Eisenstadt. Während vor dem burgenländischen Landtag die erwarteten Proteste gegen die Angelobung der neuen rot-blauen Regierung ausblieben, sorgte der scheidende Landtagspräsident Gerhard Steier (SPÖ) drinnen für eine kleine Revolution. "Früher war die Sozialdemokratie eine Wertegemeinschaft für Gerechtigkeit und ein Leitbild für mich", sagte er, kurz bevor er das Amt des Landtagspräsidenten an den Parteikollegen und bisherigen SPÖ-Klubobmann Christian Illedits übergab. "Der Wähler hat entschieden, der Niessl wird’s schon biegen. Das kann ich mit meinen Werten nicht vereinbaren."
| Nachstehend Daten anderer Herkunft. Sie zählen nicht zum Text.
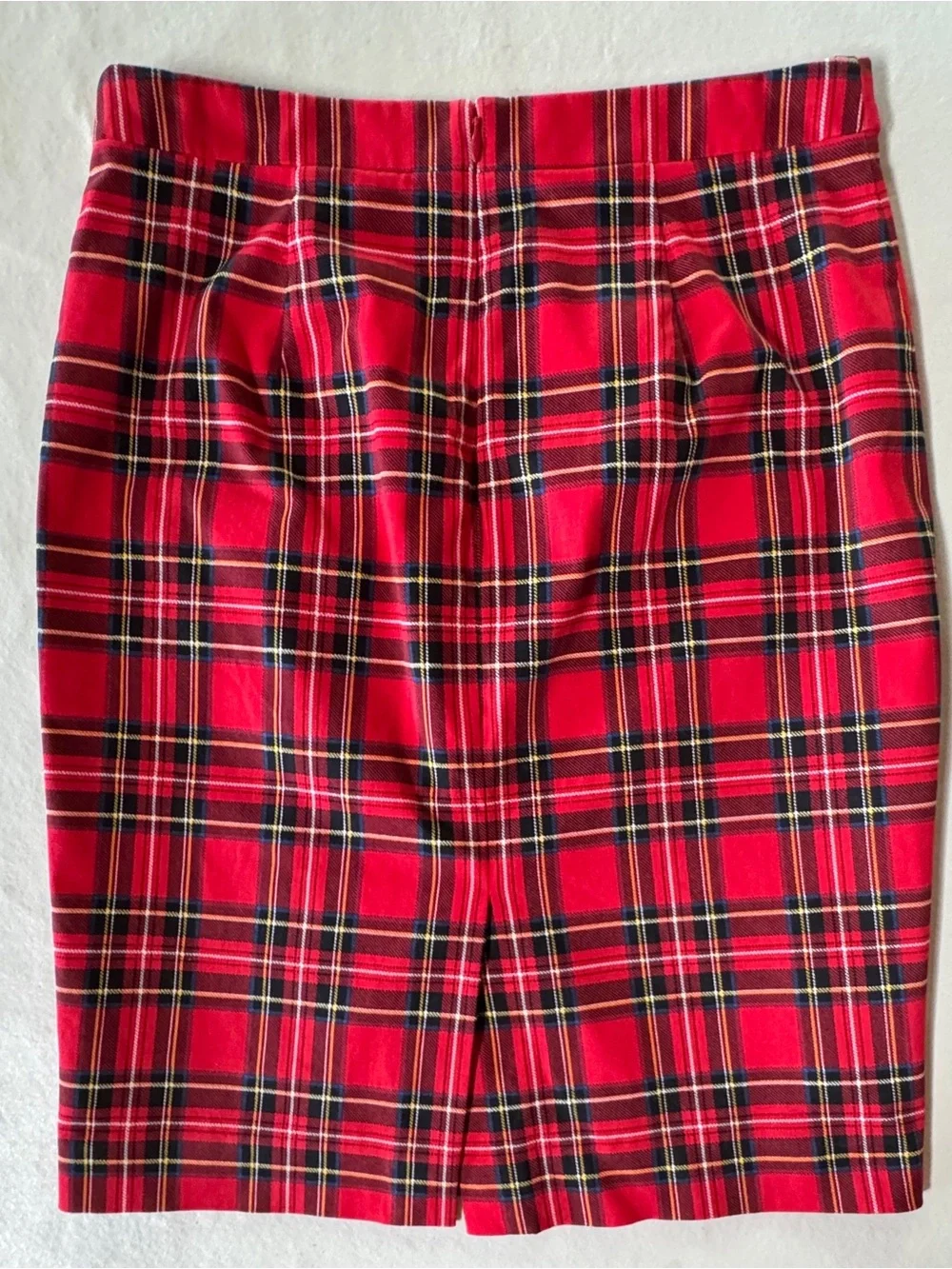 J Crew Cotton Sateen Red Tartan Plaid Lined Holiday Pencil Skirt AD141 (0)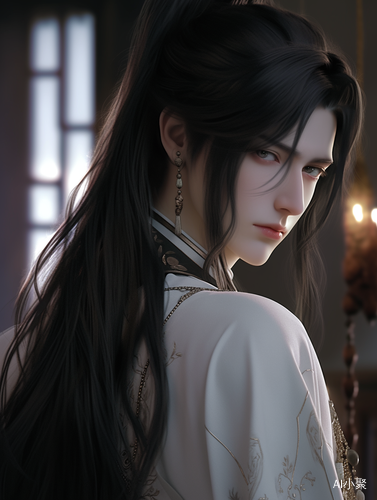 a androgynus person with long black hair, wearing white clothes, sparkling big eyes, ponytail ,in the style of delicate sculptures, dark white and dark gold, bjd dolls ,SD dolls, meticulous realism, beautiful, C4D Renderer , Octane Rendered, northern and southern dynasties, trick of the eye paintings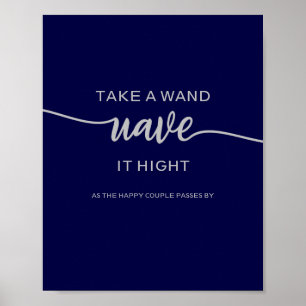 Póster Tomar un elegante letrero de boda de varita azul m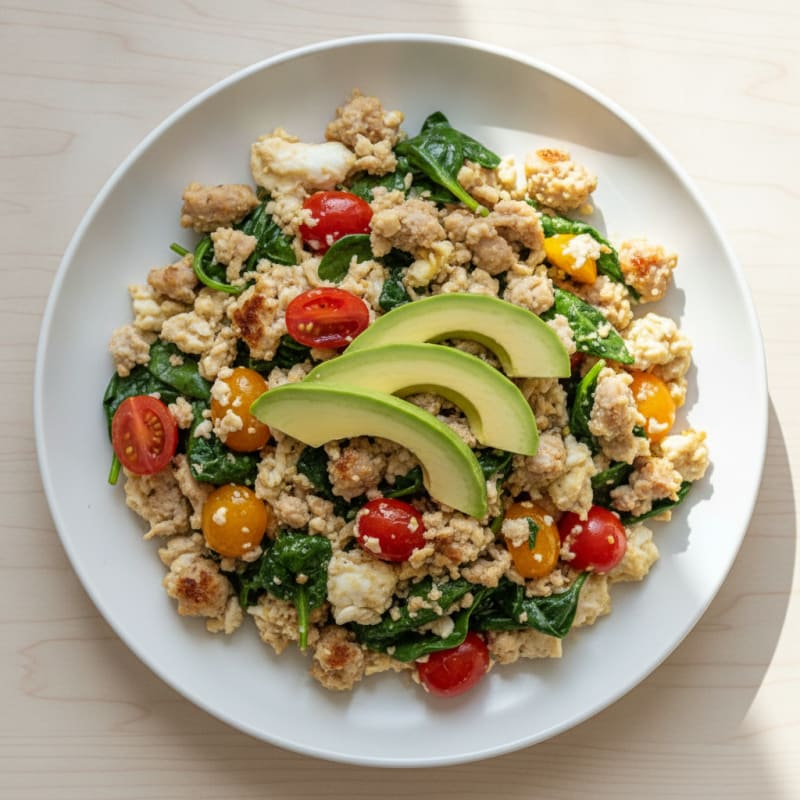 Egg White and Turkey Sausage Scramble with Spinach and Tomatoes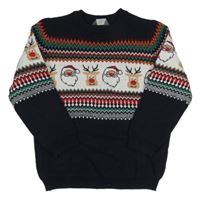 Tmavomodrý svetr s vánočním motivem Primark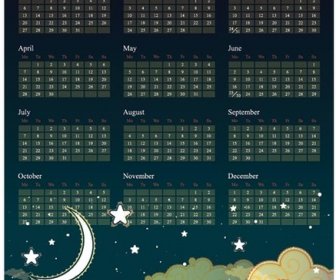 Free Vector Night Theme14 Calendar Template
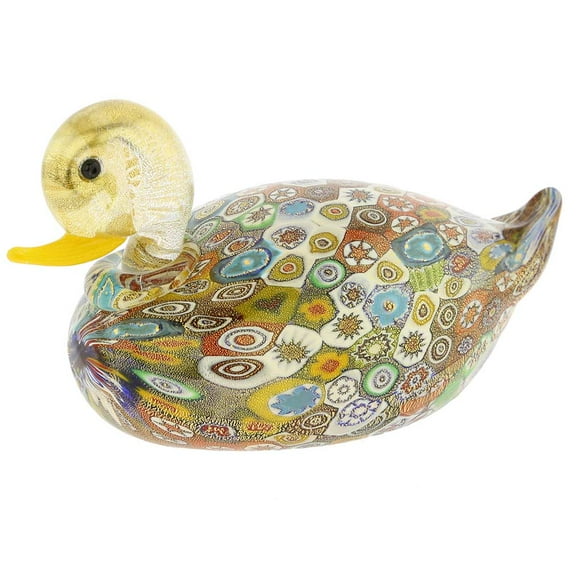 GlassOfVenice Murano Glass Golden Quilt Millefiori Duck - Medium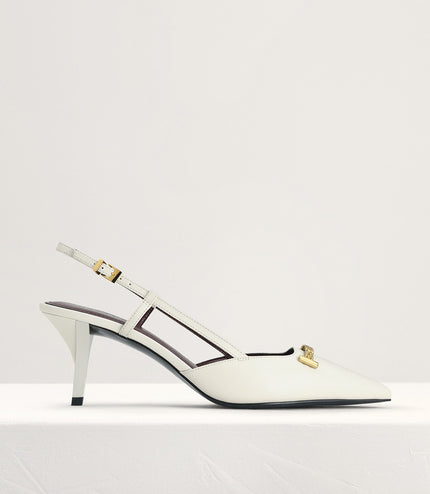 Plaque-Embellished Leather Slingback Pumps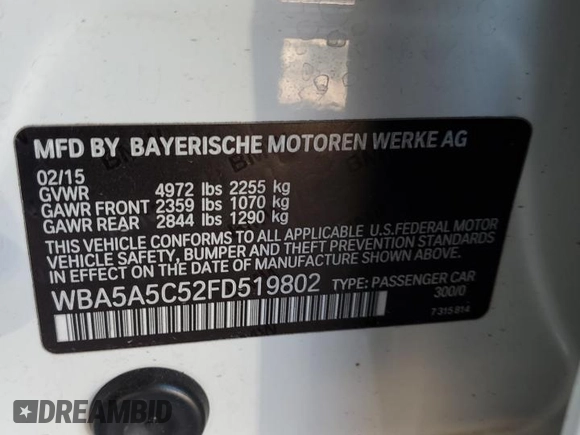 2015 BMW 5 Series 528i with VIN WBA5A5C52FD519802, listed as a Copart auction lot 46165805 with 88,458 mi miles and Salvage Title. Bid and sale history available at DreamBid. Image 14.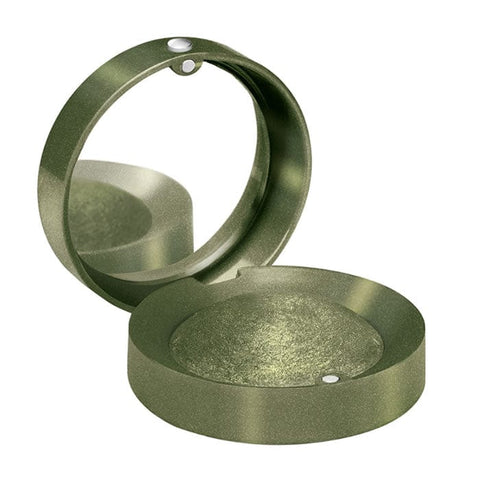 Bourjois Little Round Pot Mono Eyeshadow 9 Itsy Bitsy Khaki in a small round container, with khaki-colored eyeshadow visible.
ußerdem sagte er, "dass ich aus der Partei austrete, alle Funktionen niederlege, den SPÖ-Klub verlasse und ab sofort als freier Abgeordneter mein Mandat ausüben werde. Es ist dies nicht ein Akt der Selbstdarstellung." Und er nahm seine Glocke mit, die ihm von seinem Vorgänger Walter Prior bei seinem Amtsantritt 2010 überreicht worden war. Mit dem Abgang Steiers verliert die SPÖ eines von 15 Mandaten im Landtag.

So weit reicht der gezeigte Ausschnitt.